* What you need to do
All entries are to be quoted exactly; the images stay out of the copy.

[Short descriptive text snippets]
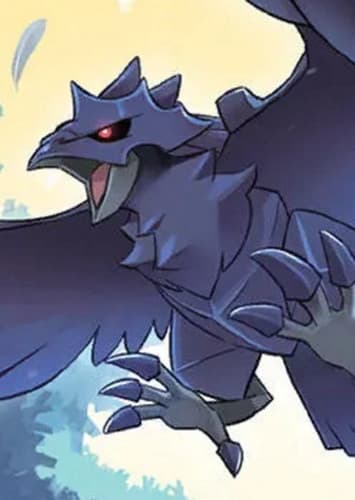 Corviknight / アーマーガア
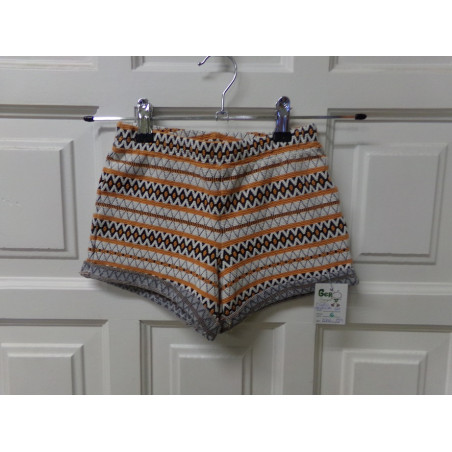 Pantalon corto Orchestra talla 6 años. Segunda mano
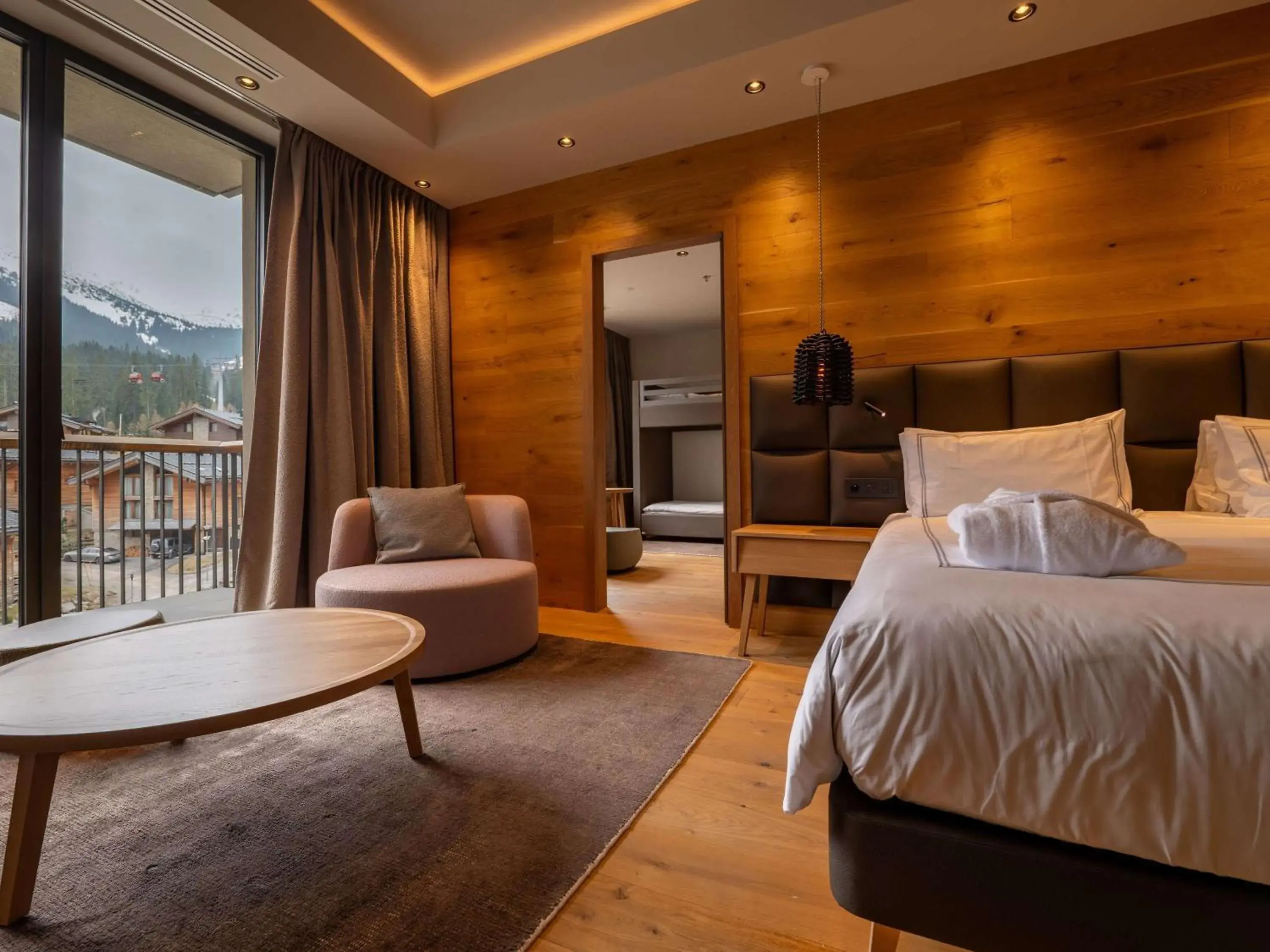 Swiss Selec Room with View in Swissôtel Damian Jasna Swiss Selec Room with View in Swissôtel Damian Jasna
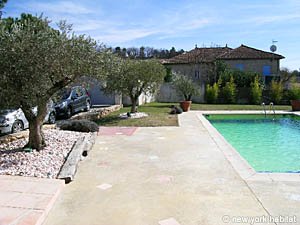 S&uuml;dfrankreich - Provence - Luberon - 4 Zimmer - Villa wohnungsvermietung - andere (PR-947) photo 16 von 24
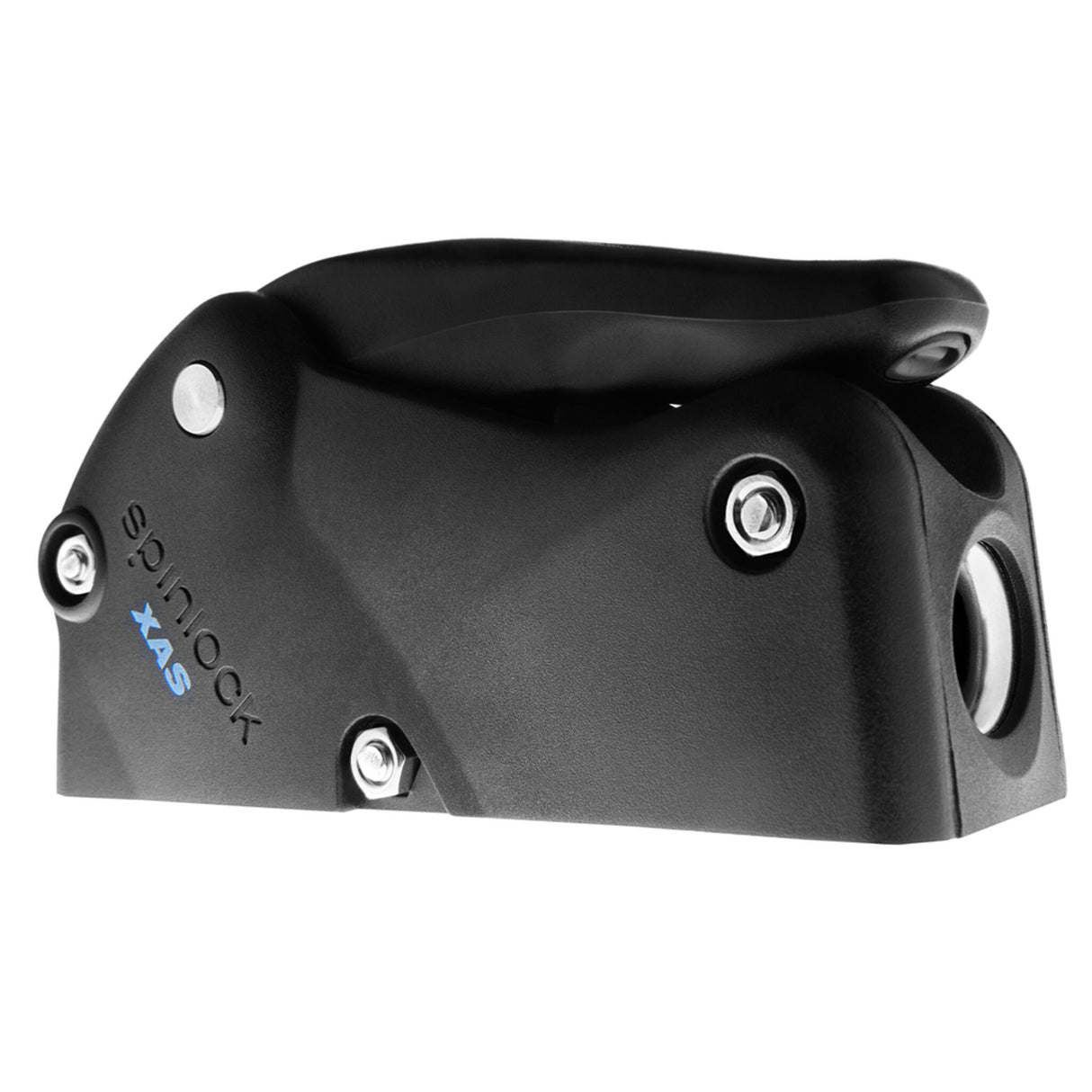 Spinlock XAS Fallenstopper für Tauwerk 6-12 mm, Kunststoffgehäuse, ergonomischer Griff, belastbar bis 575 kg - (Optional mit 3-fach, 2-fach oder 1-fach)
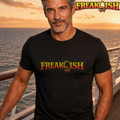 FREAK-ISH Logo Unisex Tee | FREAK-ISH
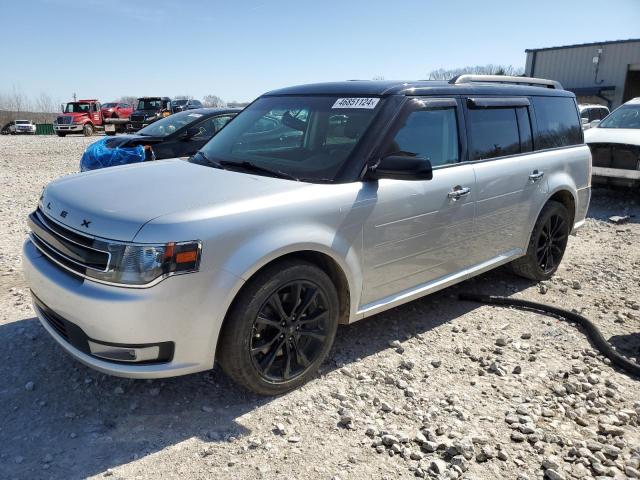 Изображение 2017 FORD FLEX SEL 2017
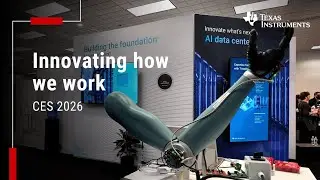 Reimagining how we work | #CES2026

* Solution to the problem
 Corviknight / アーマーガア
 Pantalon corto Orchestra talla 6 años. Segunda mano
 Swiss Selec Room with View in Swissôtel Damian Jasna Swiss Selec Room with View in Swissôtel Damian Jasna
 S&uuml;dfrankreich - Provence - Luberon - 4 Zimmer - Villa wohnungsvermietung - andere (PR-947) photo 16 von 24
 Spinlock XAS Fallenstopper für Tauwerk 6-12 mm, Kunststoffgehäuse, ergonomischer Griff, belastbar bis 575 kg - (Optional mit 3-fach, 2-fach oder 1-fach)
 FREAK-ISH Logo Unisex Tee | FREAK-ISH
 Изображение 2017 FORD FLEX SEL 2017
 Reimagining how we work | #CES2026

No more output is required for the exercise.